Local Fabric Retailer Shutters Nine Locations
After 45 years of business, Eden Prairie-based fabric supplier Mill End Textiles is closing.
The company, which offers fabrics, quilting and apparel books and patterns, and various sewing aids, is discontinuing operations, which includes Minnesota locations in Burnsville, Crystal, Eden Prairie, St. Paul, Rochester, and St. Cloud. It is also closing its stores in Fargo, North Dakota; Sioux Falls, South Dakota; and Eau Claire, Wisconsin.
According to a notice posted on the company’s website, the fabric supplier is hosting a final sale, which began Sunday, to sell its remaining merchandise.
Mill End Textile representatives could not immediately be reached on Monday to comment on the store closings.
All Mill End Textile locations are expected to close by February, or when all merchandise has been sold, according to media reports.
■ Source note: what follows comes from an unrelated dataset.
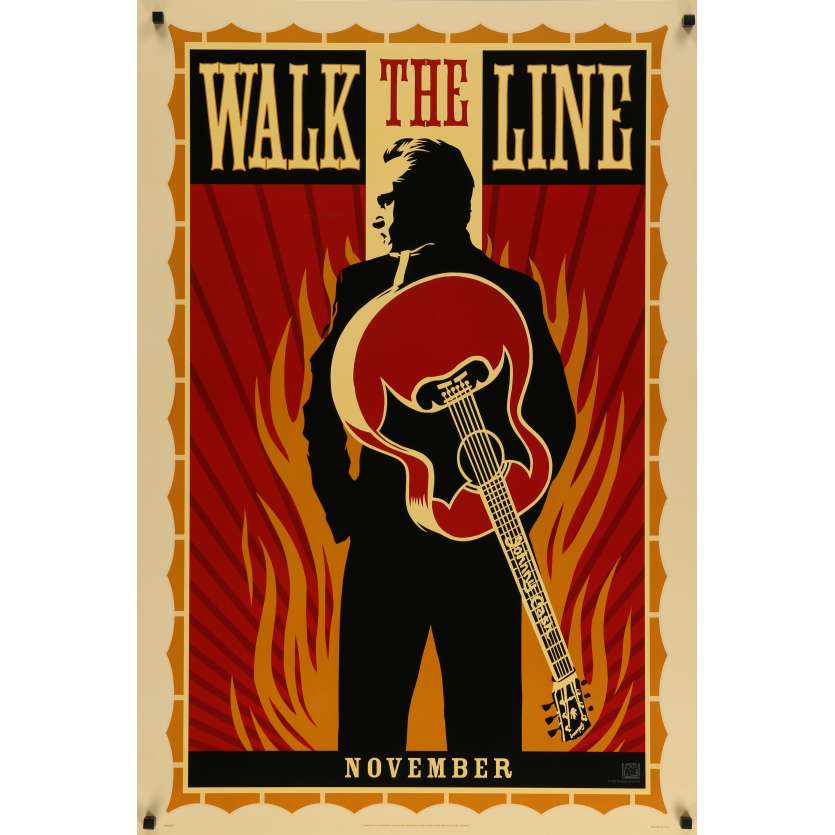WALK THE LINE Affiche de film  - 69x102 cm. - 2005 - Joaquin Phoenix, James mangold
The shuttering of Mill End Textile’s business comes as smaller fabric retailers are facing increased competition. According to a “Sewing, Needlework, and Piece Goods Stores” report conducted by industry analyst The Gale Group, Inc., the retail fabric industry consists of two business types: fabric “super stores” and smaller “boutique” shops. Smaller fabric stores tend to carry products related to only one or two segments of the industry while the “super stores” boast large inventories and products in more than one category. Small fabric “boutique” stores also face competition from discount retailers, such as Wal-Mart.
While fabric “super stores” have the advantage of a larger client base and inventory over “boutique” fabric retailers, fabric retail chains also face competition from each other. In 2011, Leonard Green & Partners, L.P., a Los Angeles-based private equity firm, purchased Jo-Ann Stores, Inc.—one of the retail fabric industry’s largest companies. The New York Times reported that the Hudson, Ohio-based company, which was acquired for $1.6 billion, was a prominent buyout target in the retail industry. The now-private Jo-Ann Stores reported $2.2 billion in revenue as of November 2012, according to Forbes.
While Jo-Ann Stores’ experienced steadily growing success, even during the recession, another leading fabric retailer—Hancock Fabrics, Inc.—underwent significant changes. According to the “Sewing, Needlework, and Piece Goods Stores” report, the Baldwyn, Mississippi-based fabrics, sewing, and textiles accessory retailer filed for Chapter 11 bankruptcy protection in 2007, closed approximately 200 stores, and was temporarily delisted from the New York Stock Exchange. It emerged from bankruptcy the following year but still faced significant debt and declining sales.
Although Hancock Fabrics’ sales have fluctuated annually since it emerged from bankruptcy, the company most recently reported sales of $278 million in 2012—a 2.2 percent increase from the previous year. Currently, its common stock is running at $0.99 per share.
The Gale Group, Inc.’s report suggests that the declining growth in the retail fabric industry dates as far back as the late 1960s, when the home-sewing market first began to decline due to increases in affordable, off-the-rack clothing, and in the number of working women. The retail fabric industry then began catering to a niche market for hobbyist sewers, and thus saw a significant decrease in its consumer market. The retail fabric industry’s move to the “arts, crafts, and home decorating” sector has extended into recent years, where it continues to face competition, according to the report.